◆ **YOUR INSTRUCTIONS**: Give back the whole listing exactly as it is written.

◆ **SOURCE INFORMATION**:
··········

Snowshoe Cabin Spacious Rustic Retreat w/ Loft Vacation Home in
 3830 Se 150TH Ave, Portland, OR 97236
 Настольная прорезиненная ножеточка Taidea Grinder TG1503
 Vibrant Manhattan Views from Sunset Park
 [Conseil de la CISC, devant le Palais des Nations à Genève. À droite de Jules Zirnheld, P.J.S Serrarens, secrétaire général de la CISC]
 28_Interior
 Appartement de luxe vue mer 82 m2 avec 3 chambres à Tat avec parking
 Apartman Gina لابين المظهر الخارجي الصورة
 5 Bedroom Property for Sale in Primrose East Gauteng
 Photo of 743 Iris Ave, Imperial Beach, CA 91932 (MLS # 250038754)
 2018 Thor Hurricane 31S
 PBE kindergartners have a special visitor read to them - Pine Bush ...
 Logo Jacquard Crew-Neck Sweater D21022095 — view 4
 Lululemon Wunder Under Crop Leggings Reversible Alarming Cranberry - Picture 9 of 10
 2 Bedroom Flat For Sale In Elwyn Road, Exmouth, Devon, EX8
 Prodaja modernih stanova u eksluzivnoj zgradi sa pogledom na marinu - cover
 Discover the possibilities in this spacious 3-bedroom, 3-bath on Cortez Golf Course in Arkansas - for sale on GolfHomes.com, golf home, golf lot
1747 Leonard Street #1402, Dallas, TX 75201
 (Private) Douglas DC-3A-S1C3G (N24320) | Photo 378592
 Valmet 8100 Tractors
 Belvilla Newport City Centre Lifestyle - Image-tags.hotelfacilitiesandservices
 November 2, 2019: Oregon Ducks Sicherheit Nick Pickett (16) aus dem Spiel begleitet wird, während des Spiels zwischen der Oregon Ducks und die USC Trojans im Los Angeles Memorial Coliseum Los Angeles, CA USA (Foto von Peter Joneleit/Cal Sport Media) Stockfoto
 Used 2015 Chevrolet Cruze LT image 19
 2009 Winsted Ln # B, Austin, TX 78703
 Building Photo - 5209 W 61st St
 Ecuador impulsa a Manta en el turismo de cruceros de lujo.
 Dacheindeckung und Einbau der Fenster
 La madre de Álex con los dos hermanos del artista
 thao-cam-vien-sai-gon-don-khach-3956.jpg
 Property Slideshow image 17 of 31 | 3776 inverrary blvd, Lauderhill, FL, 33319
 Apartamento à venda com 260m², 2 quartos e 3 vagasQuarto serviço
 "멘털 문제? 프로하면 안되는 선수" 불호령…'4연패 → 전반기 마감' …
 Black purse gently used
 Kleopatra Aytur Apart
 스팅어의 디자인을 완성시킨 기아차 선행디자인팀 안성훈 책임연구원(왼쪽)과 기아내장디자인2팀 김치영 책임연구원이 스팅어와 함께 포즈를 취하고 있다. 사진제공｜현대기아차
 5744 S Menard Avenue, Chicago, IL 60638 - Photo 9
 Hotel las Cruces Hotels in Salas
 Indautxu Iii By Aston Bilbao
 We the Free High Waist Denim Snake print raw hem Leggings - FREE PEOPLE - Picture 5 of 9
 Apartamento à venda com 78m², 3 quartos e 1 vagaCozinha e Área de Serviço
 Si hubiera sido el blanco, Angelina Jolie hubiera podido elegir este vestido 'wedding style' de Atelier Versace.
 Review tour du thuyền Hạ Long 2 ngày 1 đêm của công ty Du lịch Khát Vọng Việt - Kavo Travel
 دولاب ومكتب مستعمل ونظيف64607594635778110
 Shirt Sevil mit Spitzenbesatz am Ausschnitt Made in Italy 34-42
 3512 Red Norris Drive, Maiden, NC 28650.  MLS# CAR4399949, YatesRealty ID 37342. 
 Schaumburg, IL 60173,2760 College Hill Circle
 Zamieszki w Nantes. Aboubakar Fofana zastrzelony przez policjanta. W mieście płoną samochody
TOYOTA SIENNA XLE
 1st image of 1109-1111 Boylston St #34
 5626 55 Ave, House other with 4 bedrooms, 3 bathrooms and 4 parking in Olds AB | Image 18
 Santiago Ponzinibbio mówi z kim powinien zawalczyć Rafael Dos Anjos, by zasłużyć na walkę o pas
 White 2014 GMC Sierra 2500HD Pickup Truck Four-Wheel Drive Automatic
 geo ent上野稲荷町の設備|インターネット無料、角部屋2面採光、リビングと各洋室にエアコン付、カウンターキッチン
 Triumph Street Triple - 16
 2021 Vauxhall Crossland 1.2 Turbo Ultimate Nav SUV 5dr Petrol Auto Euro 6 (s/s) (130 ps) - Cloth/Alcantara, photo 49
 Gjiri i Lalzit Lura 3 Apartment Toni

··········

◆ **ANSWER**:
Snowshoe Cabin Spacious Rustic Retreat w/ Loft Vacation Home in
 3830 Se 150TH Ave, Portland, OR 97236
 Настольная прорезиненная ножеточка Taidea Grinder TG1503
 Vibrant Manhattan Views from Sunset Park
 [Conseil de la CISC, devant le Palais des Nations à Genève. À droite de Jules Zirnheld, P.J.S Serrarens, secrétaire général de la CISC]
 28_Interior
 Appartement de luxe vue mer 82 m2 avec 3 chambres à Tat avec parking
 Apartman Gina لابين المظهر الخارجي الصورة
 5 Bedroom Property for Sale in Primrose East Gauteng
 Photo of 743 Iris Ave, Imperial Beach, CA 91932 (MLS # 250038754)
 2018 Thor Hurricane 31S
 PBE kindergartners have a special visitor read to them - Pine Bush ...
 Logo Jacquard Crew-Neck Sweater D21022095 — view 4
 Lululemon Wunder Under Crop Leggings Reversible Alarming Cranberry - Picture 9 of 10
 2 Bedroom Flat For Sale In Elwyn Road, Exmouth, Devon, EX8
 Prodaja modernih stanova u eksluzivnoj zgradi sa pogledom na marinu - cover
 Discover the possibilities in this spacious 3-bedroom, 3-bath on Cortez Golf Course in Arkansas - for sale on GolfHomes.com, golf home, golf lot
1747 Leonard Street #1402, Dallas, TX 75201
 (Private) Douglas DC-3A-S1C3G (N24320) | Photo 378592
 Valmet 8100 Tractors
 Belvilla Newport City Centre Lifestyle - Image-tags.hotelfacilitiesandservices
 November 2, 2019: Oregon Ducks Sicherheit Nick Pickett (16) aus dem Spiel begleitet wird, während des Spiels zwischen der Oregon Ducks und die USC Trojans im Los Angeles Memorial Coliseum Los Angeles, CA USA (Foto von Peter Joneleit/Cal Sport Media) Stockfoto
 Used 2015 Chevrolet Cruze LT image 19
 2009 Winsted Ln # B, Austin, TX 78703
 Building Photo - 5209 W 61st St
 Ecuador impulsa a Manta en el turismo de cruceros de lujo.
 Dacheindeckung und Einbau der Fenster
 La madre de Álex con los dos hermanos del artista
 thao-cam-vien-sai-gon-don-khach-3956.jpg
 Property Slideshow image 17 of 31 | 3776 inverrary blvd, Lauderhill, FL, 33319
 Apartamento à venda com 260m², 2 quartos e 3 vagasQuarto serviço
 "멘털 문제? 프로하면 안되는 선수" 불호령…'4연패 → 전반기 마감' …
 Black purse gently used
 Kleopatra Aytur Apart
 스팅어의 디자인을 완성시킨 기아차 선행디자인팀 안성훈 책임연구원(왼쪽)과 기아내장디자인2팀 김치영 책임연구원이 스팅어와 함께 포즈를 취하고 있다. 사진제공｜현대기아차
 5744 S Menard Avenue, Chicago, IL 60638 - Photo 9
 Hotel las Cruces Hotels in Salas
 Indautxu Iii By Aston Bilbao
 We the Free High Waist Denim Snake print raw hem Leggings - FREE PEOPLE - Picture 5 of 9
 Apartamento à venda com 78m², 3 quartos e 1 vagaCozinha e Área de Serviço
 Si hubiera sido el blanco, Angelina Jolie hubiera podido elegir este vestido 'wedding style' de Atelier Versace.
 Review tour du thuyền Hạ Long 2 ngày 1 đêm của công ty Du lịch Khát Vọng Việt - Kavo Travel
 دولاب ومكتب مستعمل ونظيف64607594635778110
 Shirt Sevil mit Spitzenbesatz am Ausschnitt Made in Italy 34-42
 3512 Red Norris Drive, Maiden, NC 28650.  MLS# CAR4399949, YatesRealty ID 37342. 
 Schaumburg, IL 60173,2760 College Hill Circle
 Zamieszki w Nantes. Aboubakar Fofana zastrzelony przez policjanta. W mieście płoną samochody
TOYOTA SIENNA XLE
 1st image of 1109-1111 Boylston St #34
 5626 55 Ave, House other with 4 bedrooms, 3 bathrooms and 4 parking in Olds AB | Image 18
 Santiago Ponzinibbio mówi z kim powinien zawalczyć Rafael Dos Anjos, by zasłużyć na walkę o pas
 White 2014 GMC Sierra 2500HD Pickup Truck Four-Wheel Drive Automatic
 geo ent上野稲荷町の設備|インターネット無料、角部屋2面採光、リビングと各洋室にエアコン付、カウンターキッチン
 Triumph Street Triple - 16
 2021 Vauxhall Crossland 1.2 Turbo Ultimate Nav SUV 5dr Petrol Auto Euro 6 (s/s) (130 ps) - Cloth/Alcantara, photo 49
 Gjiri i Lalzit Lura 3 Apartment Toni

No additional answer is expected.